Im Streit um die Bespitzelung des Journalisten Kai Budler sollen Lüneburger Richter entscheiden, was ihre Kollegen in Hannover erfahren dürfen.
HANNOVER taz | Der kafkaeske Rechtsstreit um die Bespitzelung des Journalisten Kai Budler geht in die nächste Runde: Auf Antrag des Verwaltungsgerichts Hannover soll die nächsthöhere Instanz in Lüneburg entscheiden, ob der niedersächsische Verfassungsschutz dem Gericht überhaupt mitteilen muss, warum der Ex-Mitarbeiter des Stadt-Radios Göttingen vom Geheimdienst beobachtet wurde – und was bis heute alles über ihn gespeichert wird.
Budler hatte nach dem von der taz aufgedeckten Handygate in Sachsen bei Polizei und Verfassungsschutz nachgefragt, ob er in die Rasterfahndung geraten ist: Schließlich wurden bei einem Nazi-Aufmarsch in Dresden 2011 wahllos Daten von Demonstranten mitgeschnitten, darunter auch Anwälte, Politiker und Journalisten.
Der niedersächsische Verfassungsschutz bejahte – und offenbarte Abstruses: 14 Jahre lang wurde Budler ohne sein Wissen überwacht. Penibel hatten die Beamten notiert, warum sie ihn für einen gefährlichen Linksextremisten halten: So soll Budler nach Fukushima an einer Anti-Atom-Demo teilgenommen haben. „Ich war da – aber als Journalist“, sagt der 46-Jährige. Gleiches gelte auch für einen Nazi-Aufmarsch in Jena.
Auslöser der Bespitzelung könnte eine Durchsuchung des Bildungswerks „Arbeit und Leben“ 1997 gewesen sein: Dort soll sich die linksgerichtete Redaktion der Göttinger Drucksache getroffen haben. „Aus Mangel an Beweisen eingestellt“, sagt der Journalist dazu.
Diese und drei weitere Vorwürfe musste der Verfassungsschutz auf Anweisung des Verwaltungsgerichts Göttingen bereits löschen. Doch die Geheimen haben weitere Daten über Budler – die per „Sperrvermerk“ auch geheim bleiben sollen. „Offensichtlich soll eine Quelle geschützt werden“, so sein Anwalt Sven Adam zur taz. Der Jurist will in Hannover feststellen lassen, dass die gesamte Überwachung des Radiomanns rechtswidrig war. Doch die Richter können nicht entscheiden – sie wissen ebenso wenig wie Budler, was gegen ihn vorliegen soll.

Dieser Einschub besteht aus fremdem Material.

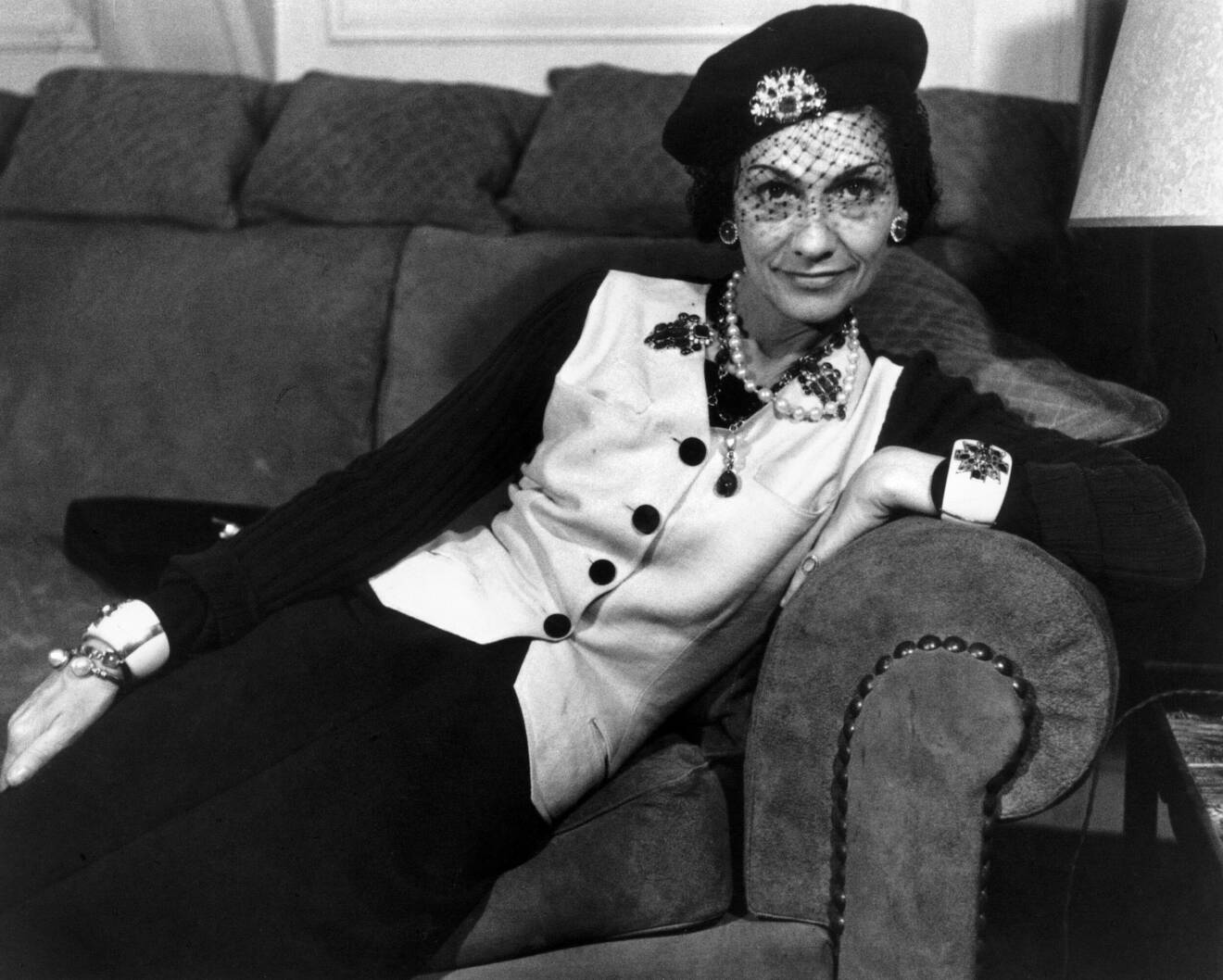 Designern Coco Chanel skrev om modet för kvinnor.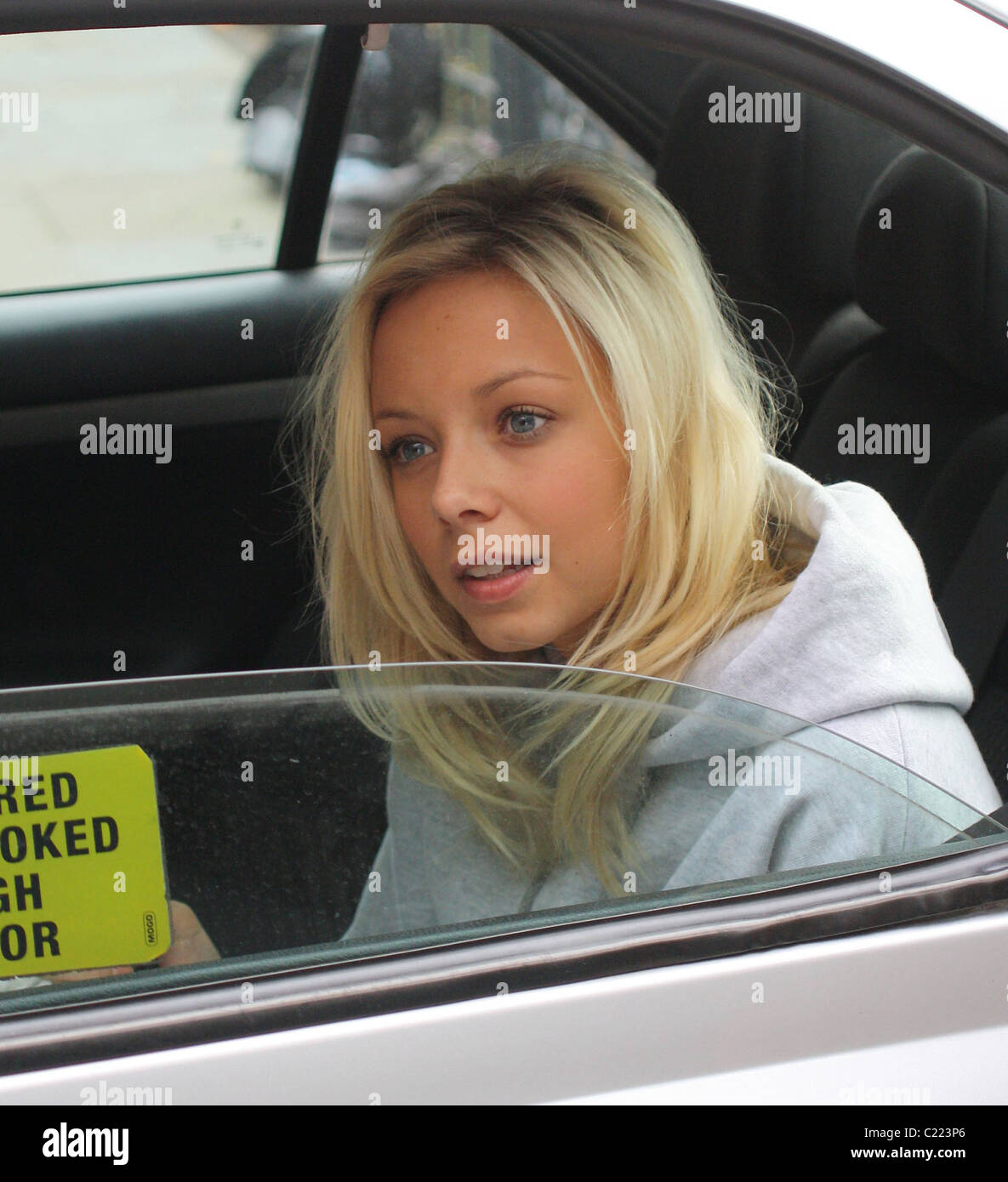 Sian Powers The Cast Of Coronation Street Outside Granada Studios 
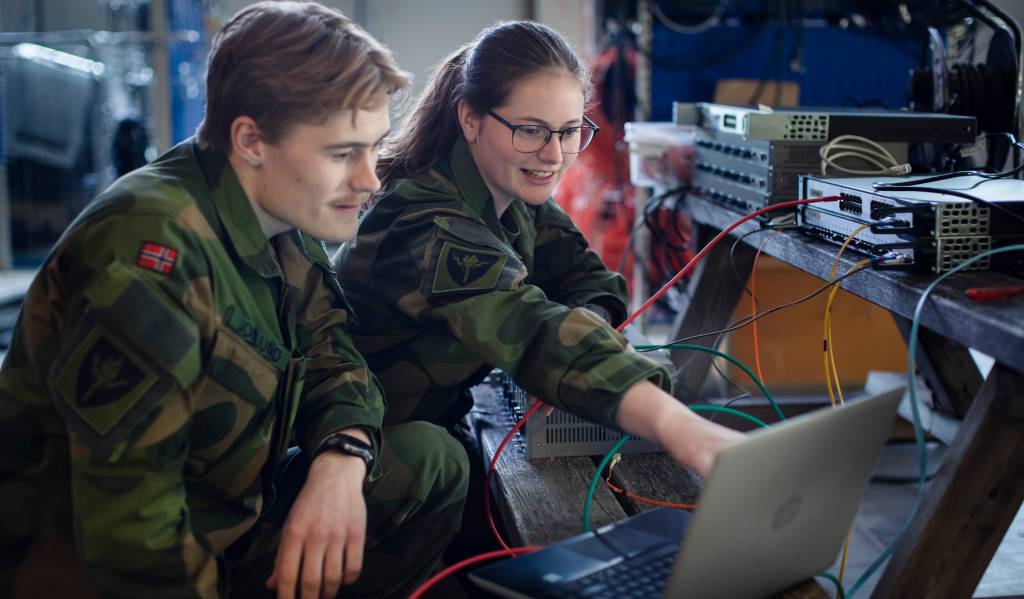 Elever ved Cyberteknikerutdannigen konfigurerer en dataserver i laben på Jørstadmoen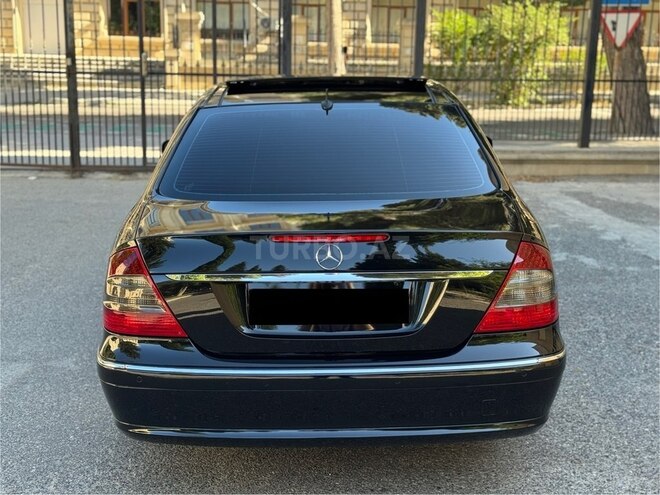 Mercedes E 220 d-10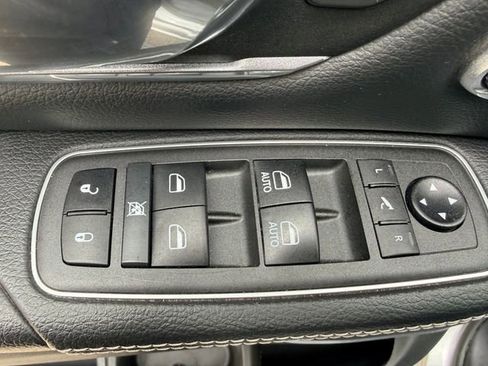 Used 2021 RAM 1500 Laramie image 21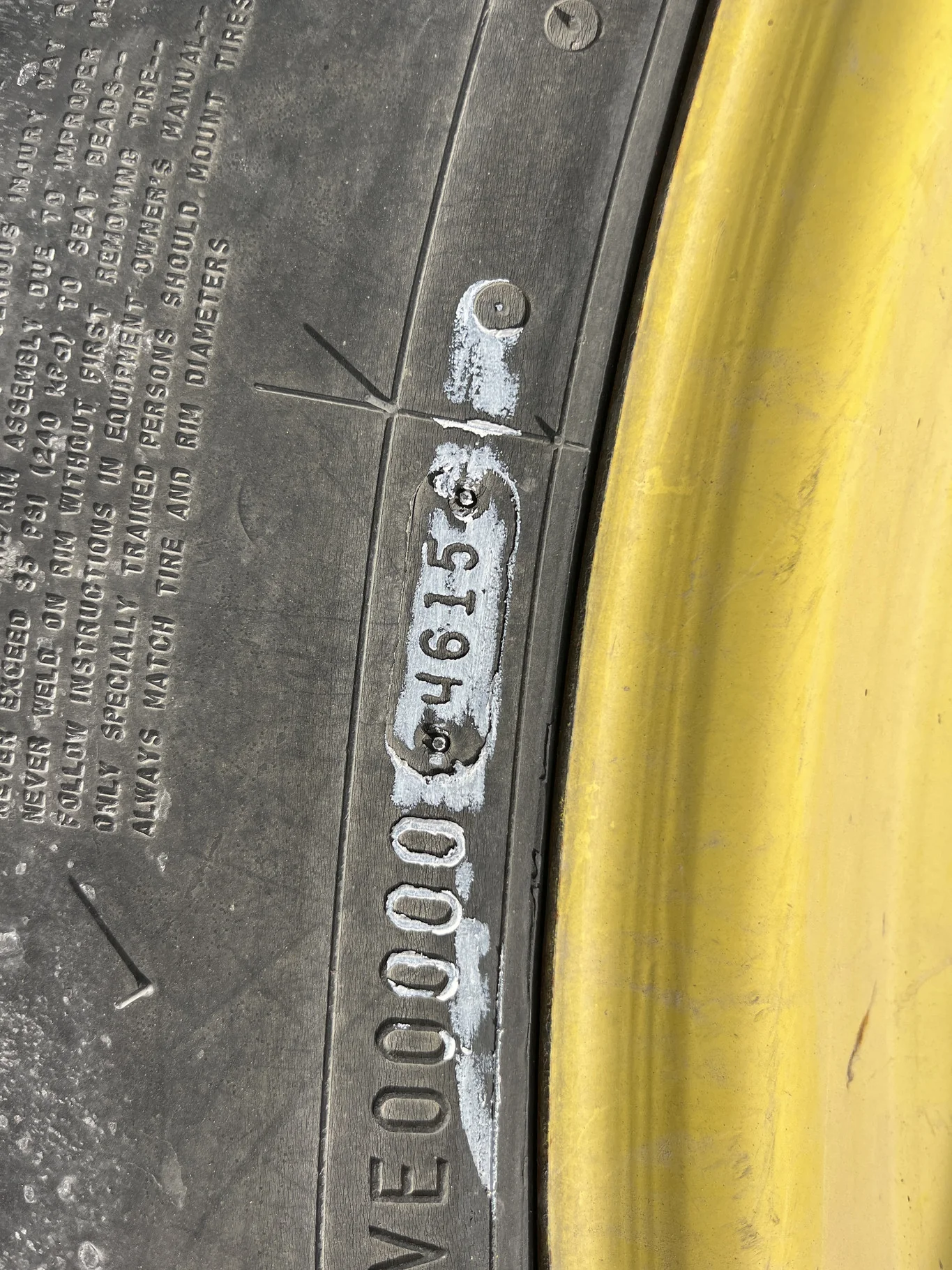 Used 620/70R42 160A8 Firestone Radial ATDT TL R-1W  80-85% On 20 x 42 10-13.19-11.07 -2"BS Titan image 6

Abhilfe schaffen soll jetzt ein sogenanntes „In Camera“-Verfahren vor dem Oberverwaltungsgericht Lüneburg: Immerhin dort sollen Richter erfahren, was der Verfassungsschutz Budler überhaupt vorwirft. Anwalt Adam rechnet aber nicht damit, dass die Daten öffentlich werden: „Bisher hat auch das Bundesverwaltungsgericht den Quellenschutz immer höher bewertet als die Informationsfreiheit der Bürger.“
In Hannover könnten die Richter damit erneut ohne jegliche Information dastehen. Budlers Anwalt glaubt trotzdem an die Rehabilitierung seines Mandanten, der mittlerweile auch für die Bundestagsabgeordnete Martina Renner arbeitet. Er verweist auf den Fall des Ossietzky-Mitherausgebers Rolf Gössner: Der war ohne Angabe von Gründen 38 Jahre vom Bundesamt für Verfassungsschutz beobachtet worden – unrechtmäßig, wie das Verwaltungsgericht Köln befand. „Irgendeine Begründung“, sagt Anwalt Adam, „sollte der Geheimdienst liefern können.“
Überwachte JournalistInnen
Kai Budler ist nur einer von mindestens sieben Journalisten, die in der Amtszeit des CDU-Innenministers Uwe Schünemann vom niedersächsischen Verfassungsschutz bespitzelt wurden.
Ins Visier geriet die Rechtsextremismus-Expertin und taz-Autorin Andrea Röpke ebenso wie der Sportjournalist Ronny Blaschke - der hatte über Rechtsextreme im Fußball geschrieben. Zumindest bei Röpke versuchten die Geheimen, die Überwachung zu vertuschen - jetzt klagt sie auf Herausgabe ihrer Daten. Ihr Anwalt: der ebenfalls bespitzelte Sven Adam.